▸ **SUPPLIED DATA**:
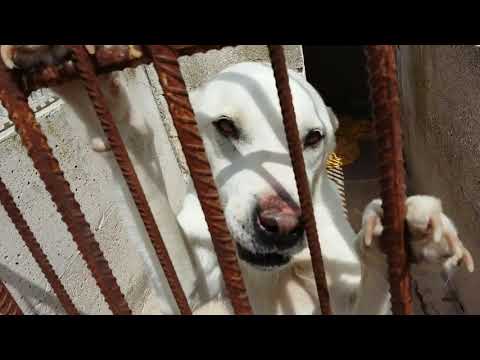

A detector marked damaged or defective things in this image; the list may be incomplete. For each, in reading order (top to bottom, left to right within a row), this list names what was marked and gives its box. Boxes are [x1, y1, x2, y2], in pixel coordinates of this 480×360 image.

rusty metal bar [0, 278, 22, 314]
rusty metal bar [0, 174, 78, 312]
rusty metal bar [0, 60, 131, 314]
rusty metal bar [21, 45, 237, 94]
rusty metal bar [68, 45, 191, 316]
rusty metal bar [146, 45, 253, 316]
rusty metal bar [268, 45, 332, 316]
rusty metal bar [364, 45, 412, 316]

▸ **PROMPT**: Reproduce everything above exactly, images excluded.

▸ **OUTPUT OF THE EXERCISE**:
A detector marked damaged or defective things in this image; the list may be incomplete. For each, in reading order (top to bottom, left to right within a row), this list names what was marked and gives its box. Boxes are [x1, y1, x2, y2], in pixel coordinates of this 480×360 image.

rusty metal bar [0, 278, 22, 314]
rusty metal bar [0, 174, 78, 312]
rusty metal bar [0, 60, 131, 314]
rusty metal bar [21, 45, 237, 94]
rusty metal bar [68, 45, 191, 316]
rusty metal bar [146, 45, 253, 316]
rusty metal bar [268, 45, 332, 316]
rusty metal bar [364, 45, 412, 316]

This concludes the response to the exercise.